In such a hostile environment, growing in their new identity as a Christian is not easy and many new converts face losing their friends and family, Dabour explained.

With persecution occurring daily across the region, becoming a Christian is a "serious decision."

"There are two things about Christianity that we teach people – that it gives you salvation and a lot of joy with it, and persecution," he said. "Persecution is a basic teaching in our church."

Despite the difficulties, the church continues to teach converts the truth that Jesus is the only way.

"It is a hostile environment [and] a daily challenge for Christians with a new identity from a Muslim background," he noted.

More than 4,000 Christian leaders are in Cape Town, South Africa, this week for the Third Lausanne Congress on world evangelization. Tuesday night's session addressed the challenges faced by believers living in regions where conflict or persecution is a part of everyday life.

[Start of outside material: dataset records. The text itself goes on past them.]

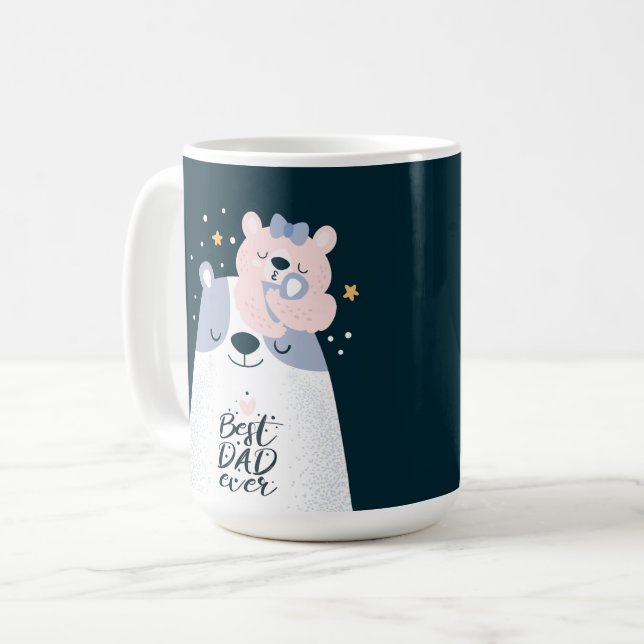 Taza De Café Mejor Papá Nunca (Anverso izquierdo)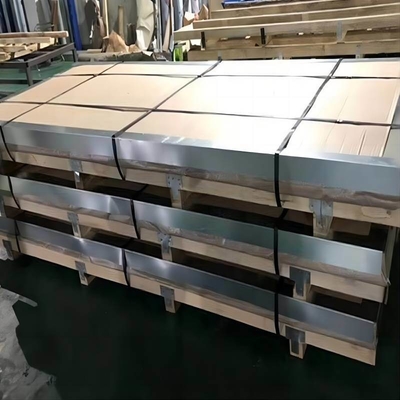 3041304L/310S/316L/316Ti/316LN/317L/904L/2205/2507 επίπεδα φύλλα από ανοξείδωτο χάλυβα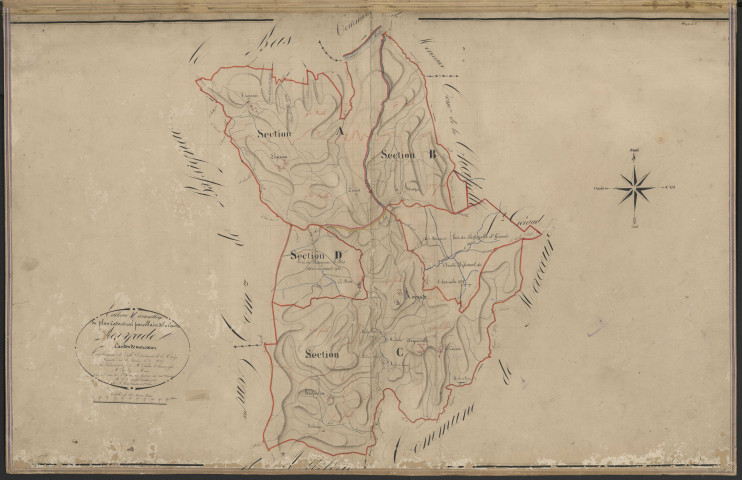 Tableau d'assemblage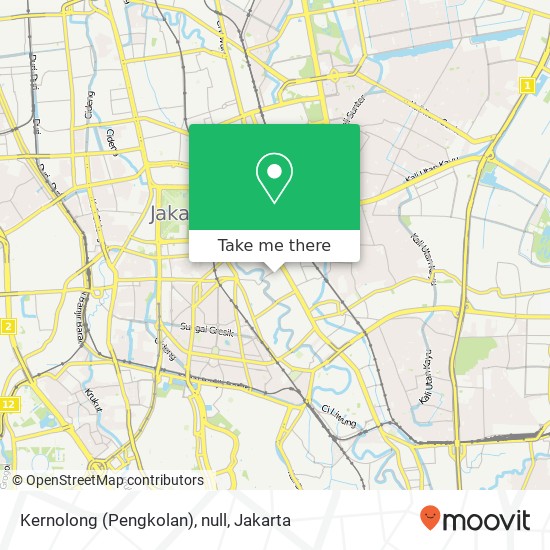 Kernolong (Pengkolan), null map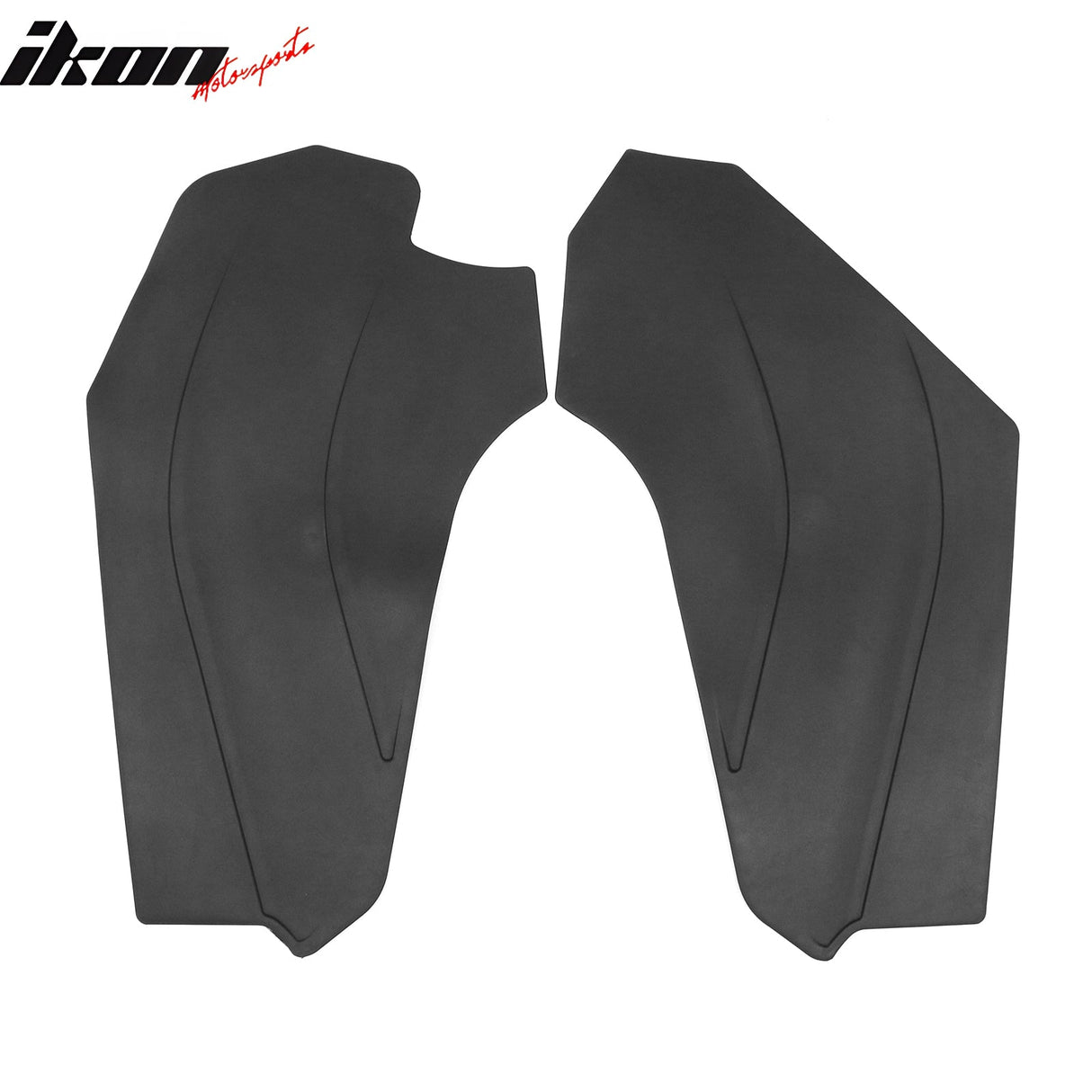 2020-2023 Tesla Model Y Black Anti-kick Pads Protector Injection TPE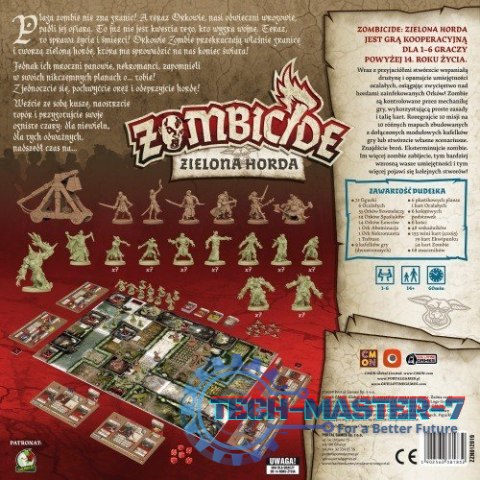 Gra Zombicide Zielona Horda Gra Zombicide Zielona Horda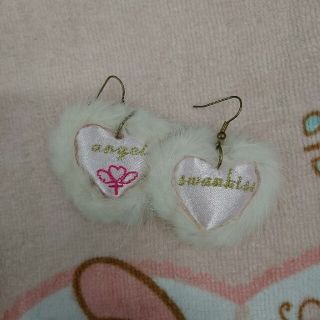 スワンキス(Swankiss)のSwankiss☆フェザーピアス(ピアス)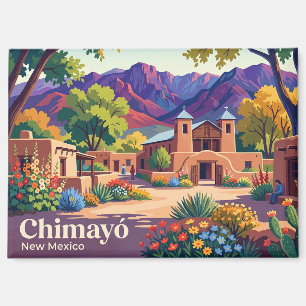 Chimayó, New Mexico USA Magnet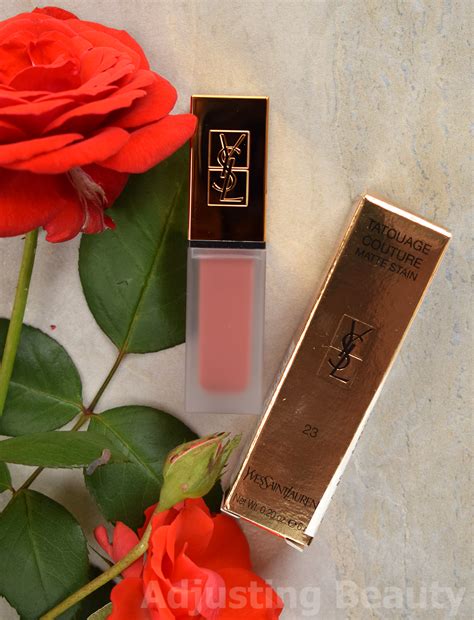 ysl tatouage couture 23 review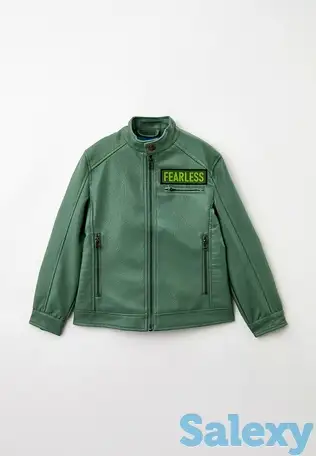 Куртка кожаная playtoday, фотография 1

Also addressing the Congress was Rajael Achi, who serves in children's ministry in Lebanon.

He said children were exposed to violence and fear in the face of ongoing unrest in the country and entire Middle East region.

"Many people have lost hope in a good future in the country and want to leave. The children dream of leaving as they grow up," Achi said.

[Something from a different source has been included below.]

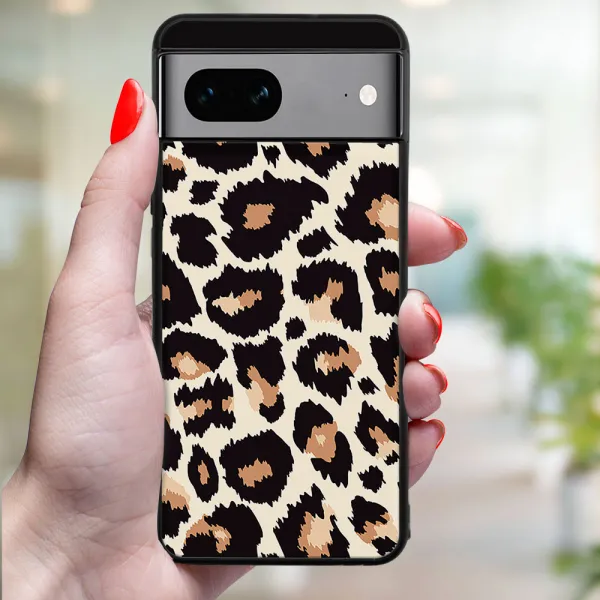 MY ART Ochranný kryt pre Google Pixel 8a LEOPARD PRINT (238)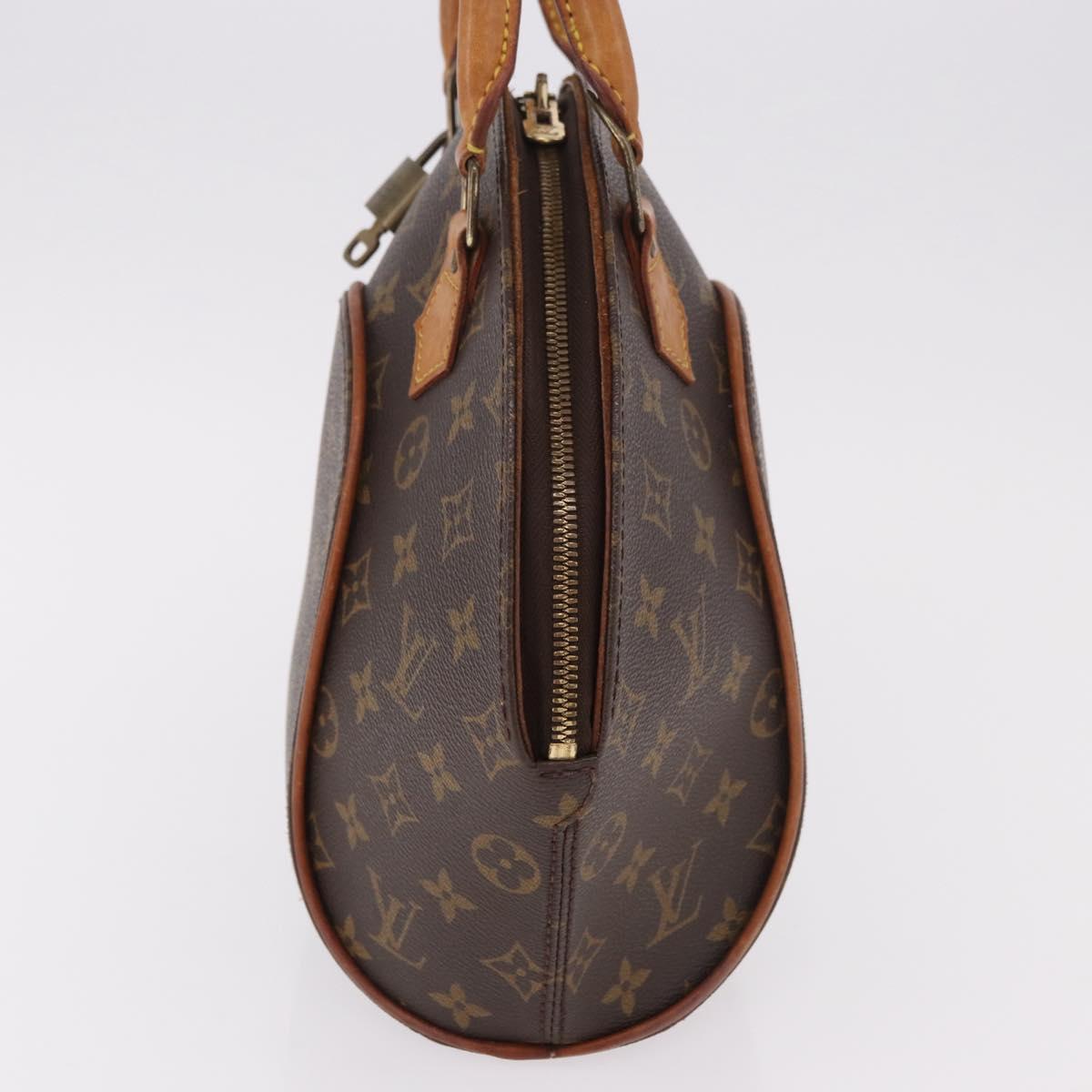 LOUIS VUITTON Monogram Ellipse PM Hand Bag M51127 LV Auth 184286A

Although many families and children are choosing to leave Lebanon and the church, Achi is desperate to see those who remain in the country come to know Christ as their Lord and Savior.

The conditions for evangelism are favorable but he believes Christians must make the most of the opportunities.

"The Lord has given us freedom of worship and of ministry outreach and evangelism that we need to make use of," he said. "If we want a better future for Lebanon, if we want better leaders for Lebanon we need to start now in reaching out to children."

He continued, "There are no unreached children in Lebanon. Every child is reached. But if they are not reached by the Gospel something else will reach them."